Lasso Regression: A linear model that is excellent for inference due to its interpretable coefficients and built-in feature selection.
XGBoost: A powerful gradient boosting model that can capture complex, non-linear relationships, which we will interpret using SHAP values.

Import modeling libraries and define evaluation metrics

# Core modeling libraries
from sklearn.linear_model import Lasso
from sklearn.metrics import mean_squared_error, r2_score
import xgboost as xgb
import shap

# Helper for displaying results
from IPython.display import display, Markdown

print("✅ Modeling libraries loaded successfully")

✅ Modeling libraries loaded successfully

3.1 Model Training

We will now train both models on their respective prepared datasets.

Lasso will use the log-transformed and scaled data (_linear_scaled).
XGBoost will use the raw, engineered data (_tree).
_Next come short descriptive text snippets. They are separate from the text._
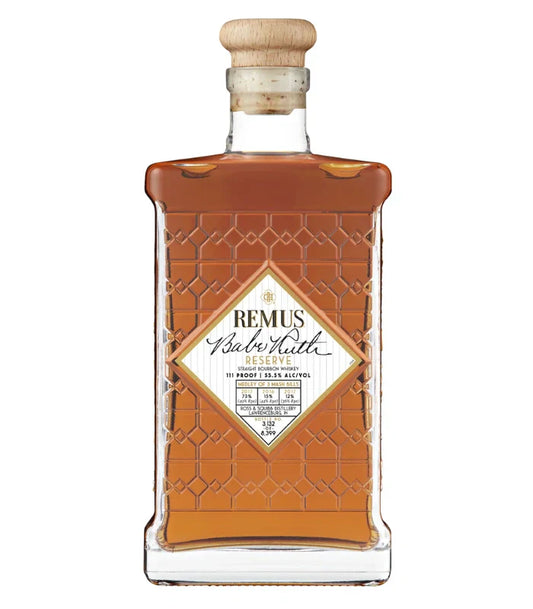 Remus Babe Ruth Reserve Bourbon 2025 Edition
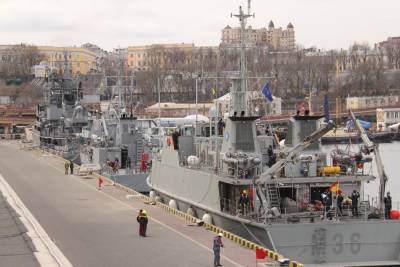 Игра мускулами: что делают корабли НАТО в Черном море - 24tv.ua - Росія - місто Москва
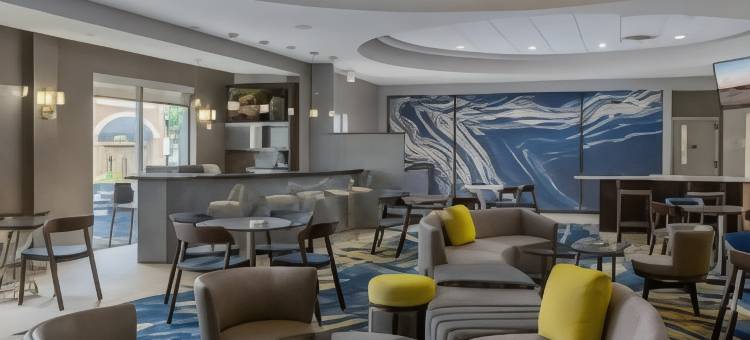 SpringHill套房达拉姆教堂山酒店(SpringHill Suites Durham Chapel Hill)图片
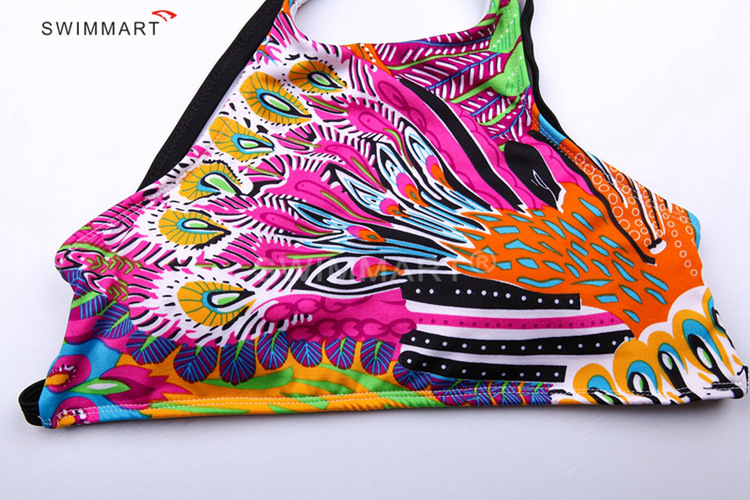 DM071红孔雀-实物图1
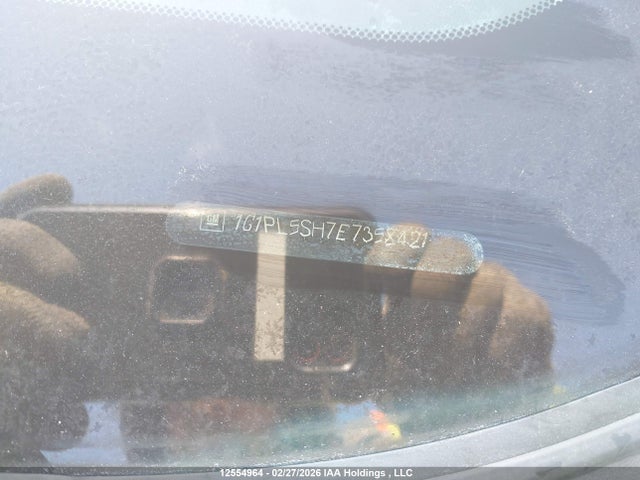 1G1PL5SH7E7358421 Chevrolet Cruze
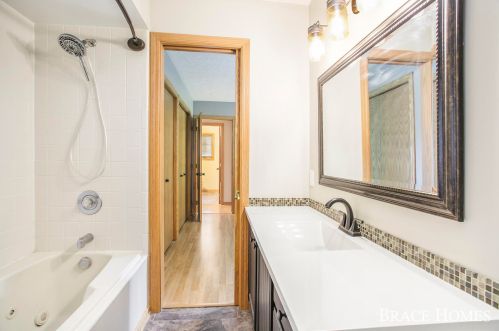 2203 Radcliff Cir, Grand Rapids MI 49546-7725 exterior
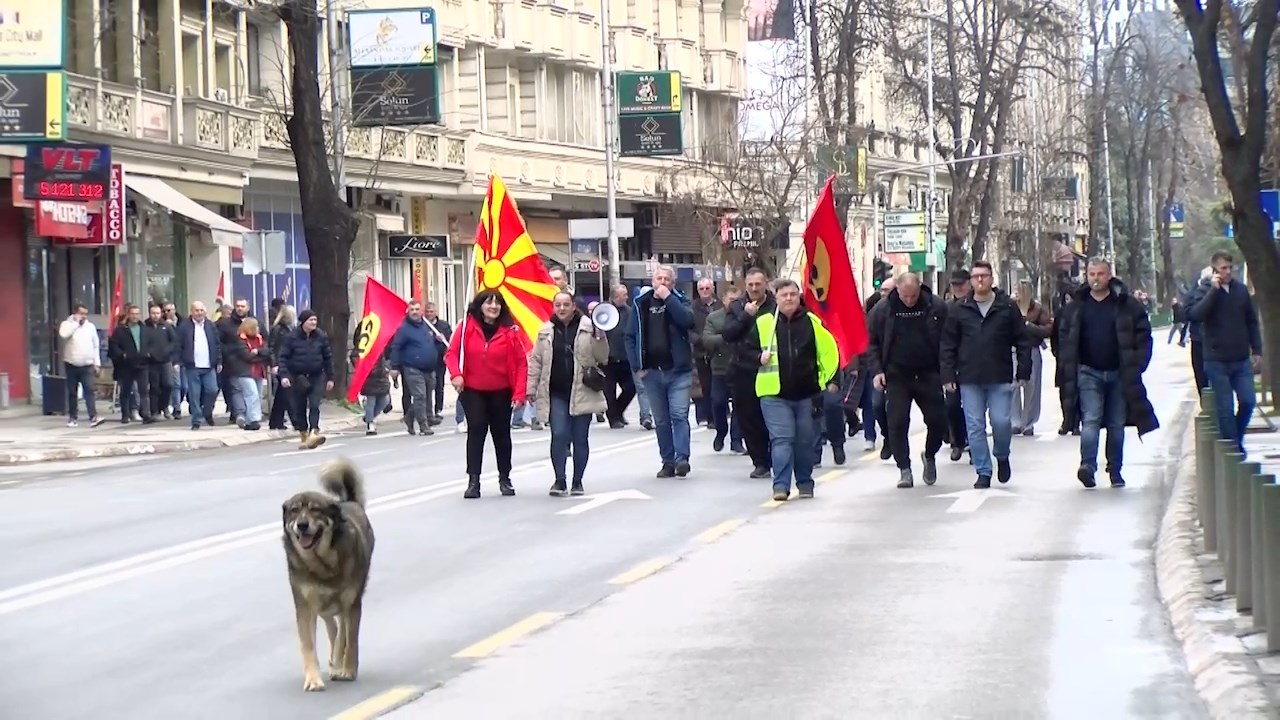 ССМ на протест пред коморите за повисоки плати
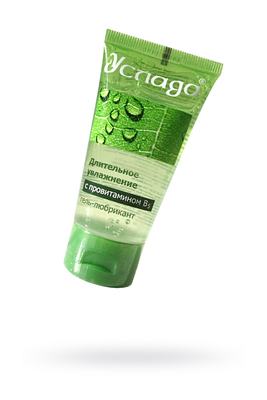 Лубрикант с провитамином B5 "Услада"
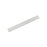Ladera Zinc Polished Chrome Cabinet Backplate 3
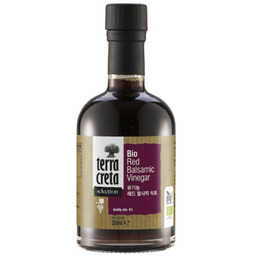 Winny Ocet Balsamiczny Czerwony 250ml BIO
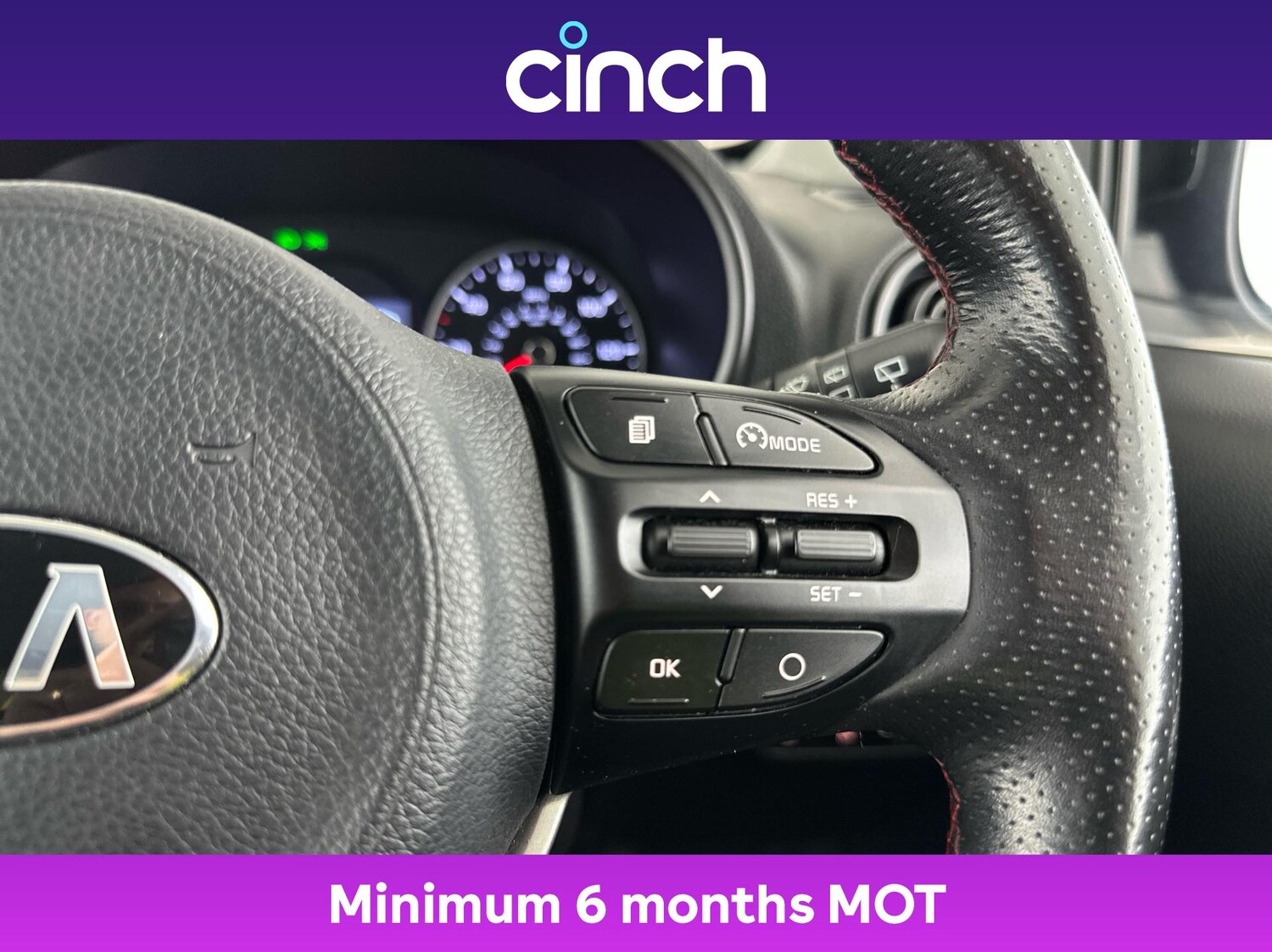 Used Kia Picanto 2018 for sale - 76368890: Photo 32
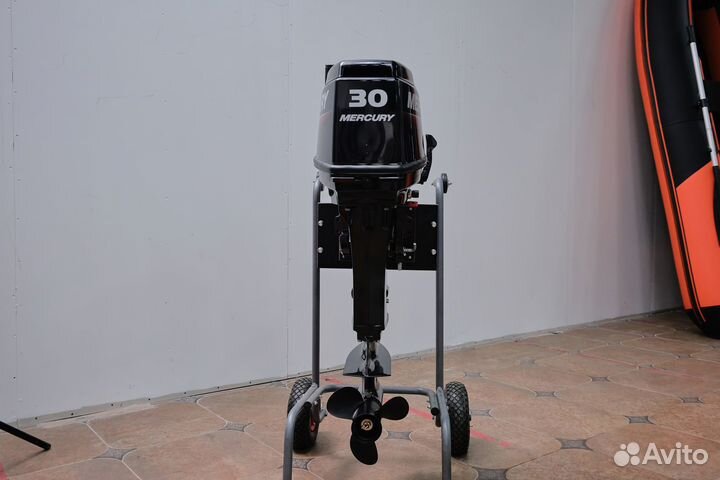 Лодочный мотор Mercury (Меркури) ME 30 MH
Train Lasso and XGBoost models

# --- 1. Lasso Regression ---
print("🏃 Training Lasso model...")
# Alpha is a hyperparameter that controls regularization. Higher alpha = simpler model.
# 0.1 is a reasonable starting point for standardized data.
lasso = Lasso(alpha=0.1, random_state=42)
lasso.fit(X_train_linear_scaled, y_train_linear)
print("✅ Lasso model trained.")

# --- 2. XGBoost Regressor ---
print("\n🏃 Training XGBoost model...")
# Using early stopping to prevent overfitting
xgb_model = xgb.XGBRegressor(
    n_estimators=1000,
    learning_rate=0.05,
    early_stopping_rounds=50,
    random_state=42,
    objective='reg:squarederror'
)

# We use the test set as an evaluation set for early stopping
xgb_model.fit(
    X_train_tree, y_train_tree,
    eval_set=[(X_test_tree, y_test_tree)],
    verbose=False
)
print(f"✅ XGBoost model trained. Best iteration: {xgb_model.best_iteration}")

🏃 Training Lasso model...
✅ Lasso model trained.

🏃 Training XGBoost model...
✅ XGBoost model trained. Best iteration: 275

3.2 Model Evaluation

Let’s evaluate how well each model performed on both the data it was trained on and the unseen test data. The key is to compare the Test RMSE (Root Mean Squared Error), which tells us the typical error in our prediction, in milliseconds of HRV.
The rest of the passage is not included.